As a total newbie to the world of compound bows all the different specifications are very confusing to me, so it would be helpful to get advice from people who understand the technicalities.

So recently I got a Bear Encounter in the mail (that sounds kind of scary actually ) and now I'm trying to find out what kinds of carbon arrows to get for it. It's currently set to 50 lbs. and I plan to increase it to 55 lbs. once I got used to it. After some research and measuring I figured out that my draw length is 27'' and the right arrow length seems to be 26''. I'm going to use this bow for outdoors target shooting.

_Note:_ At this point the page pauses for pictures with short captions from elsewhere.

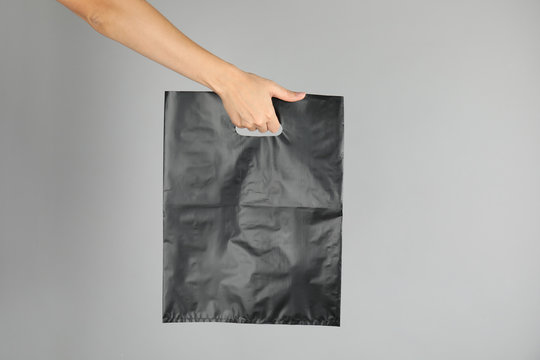 Woman with plastic bag on grey background. Mock up for design
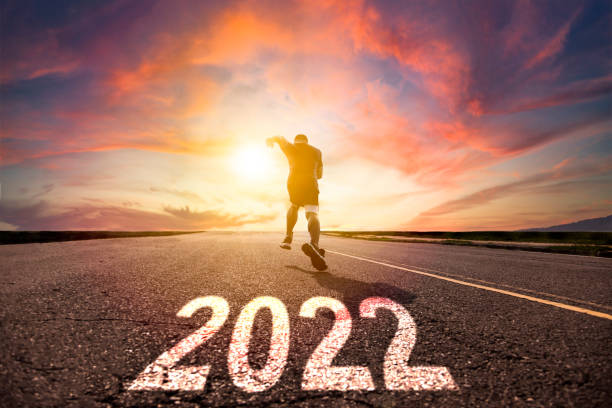 istock Man running and sprinting on road with 2022 new year concept 1346268810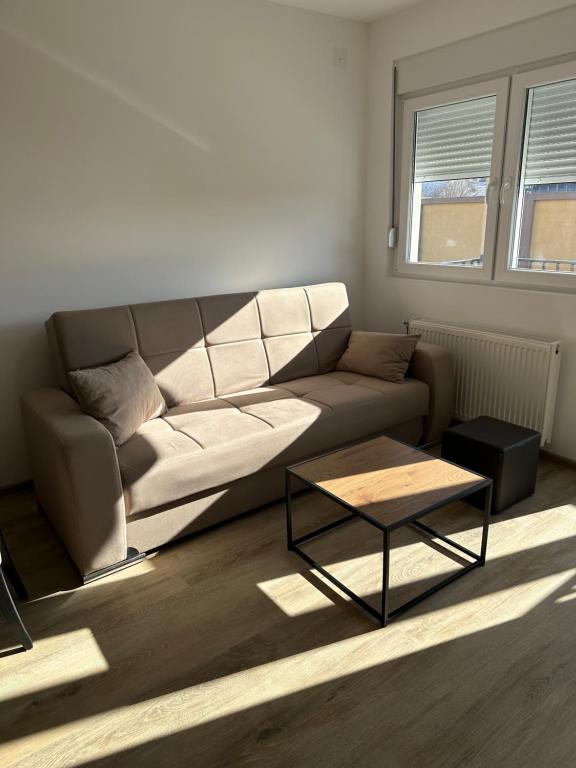 Posezení v ubytování MM-2 Apartman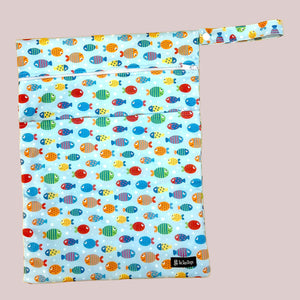 Reusable wet dry bag with colorful fish pattern on a light grey surface
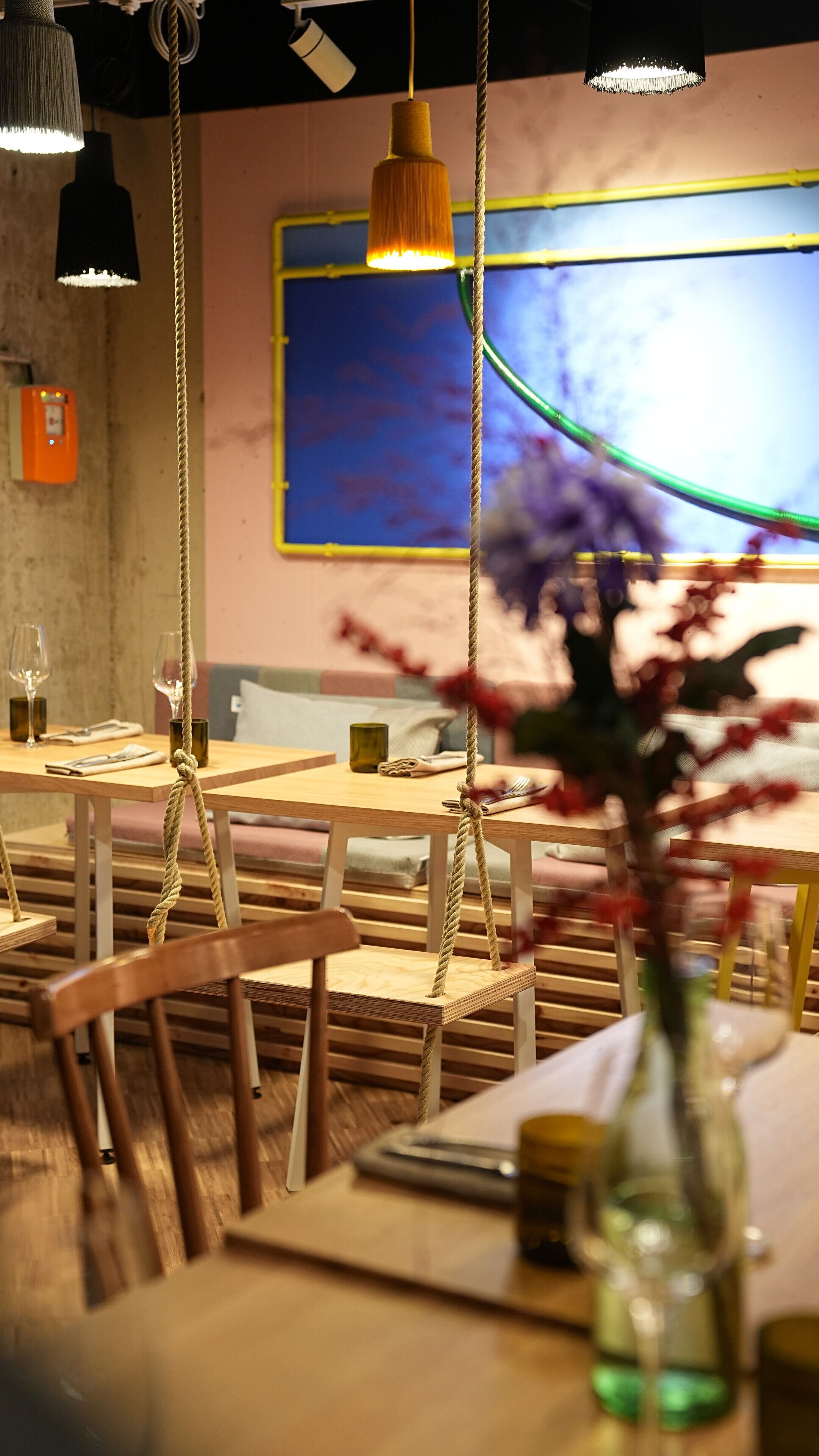 Interior de restaurante con mesas y sillas de madera, luces colgantes y un cuadro abstracto grande en la pared.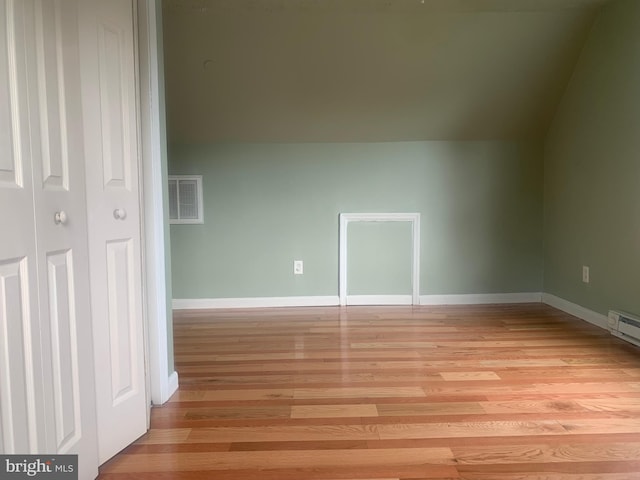 additional living space featuring light hardwood / wood-style floors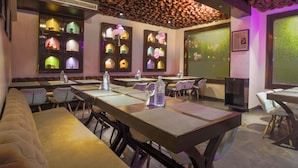 Ein Restaurant mit Sitzgelegenheiten in Form von Boxen, Tischen und einer Tonwanddecke.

From what I understand, Easton Lightspeed shafts with a spine of 500 would be appropriate, but I have no idea how they compare to other models and makers. I'm open for all suggestions.


----------



## shtf (Nov 1, 2012)

Yep with your draw length and 55 lbs your right on with the 500 spine arrows. Now as far as selection thats completely up to your budget and what you want to tune your bow too. 

Currently I use Beeman Carbon (Now Easton) arrows with 2 inch Blazer veins. Youll want to take your bow to a pro shop and check out the arrows and shoot them because you may need to have some adjustments done to your bow to tune your bow to the arrows.


----------



## Skallagrim (Jan 31, 2013)

Unfortunately there is no such shop anywhere near my location, so I'd have to do that myself. What adjustments are you referring to?


----------



## shtf (Nov 1, 2012)

Skallagrim said:


> Unfortunately there is no such shop anywhere near my location, so I'd have to do that myself. What adjustments are you referring to?

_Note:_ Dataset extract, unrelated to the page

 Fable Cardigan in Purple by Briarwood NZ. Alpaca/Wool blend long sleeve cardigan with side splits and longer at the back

Arrows fly differently based on the paradox of the arrow. You may have to adjust your arrow rest left right or you knocking point up or down. What you want to focus on when making the adjustments:

make sure your arrow when knocked is at a 90 Degree angle of the string. also measure the arrow from the riser side wall at the front of the riser and at the back of the riser if one is longer then the other when the arrow crosses the riser plane then adjust so front and rear are exactly the same.


----------



## Skallagrim (Jan 31, 2013)

Ok, thanks for the advice!


----------



## shtf (Nov 1, 2012)

Skallagrim said:


> Ok, thanks for the advice!



The way to test this after you think you have it right Setup a paper target in front of a backstop make sure the paper is stretched out flat. Shoot an arrow at your backdrop through the paper. If the arrow passes through the paper without tearing it outside the arrow diameter of the fletching you know your arrows are flying straight. If you rip a bigger hole in the paper than what the diameter of the fletching is then you know your arrows are not flying straight. When you do this you want to be at least 5 feet away from the paper when you shoot it. You want that arrow to have time to do its paradox and see if the flight is straight. 

You can also shoot at a target and keep an eye on the arrow. depending on if the arrow flys side to side at the rear or up and down then you know you need to make adjustments.

Hope this all helps.


----------



## shtf (Nov 1, 2012)

Watch this video he goes through everything I just talked about. http://www.youtube.com/watch?v=1ZiZaQBIAw0


----------



## shtf (Nov 1, 2012)

Also here a Youtube channel with nothing but bow tuning tips. Definitely worth watching since your DIY'ing this. http://www.youtube.com/watch?v=EZw-vGocvSg&list=PL7E00B04189E8D3DA


----------



## Darth Tom (Jan 21, 2012)

I use Easton Lightspeed 3Ds on my Field bow - I just followed the information on Easton's shaft selector which I find clear and accurate. The arrows are as accurate as you could hope for, given I bought them because they're cheap enough I wouldn't be too upset if I got range wrong and shot a rock... I only did minimal setup (a brief paper tune for centreshot which I confirmed by shooting 30m to 90m, checking that there was no side to side movement), and used them to get a 1350 FITA (which I was delighted with - I shoot like a muppet). Being a lightweight, larger (~7mm) diameter shaft I expected they wouldn't perform so well at long distances but I found they showed excellent accuracy at 90m. I absolutely recommend the Lightspeed range - the 3D have slightly better tolerances and take the excellent Easton G or Beiter 12/x nocks for better precision.


----------



## Skallagrim (Jan 31, 2013)

Thank you, that's definitely helpful.


----------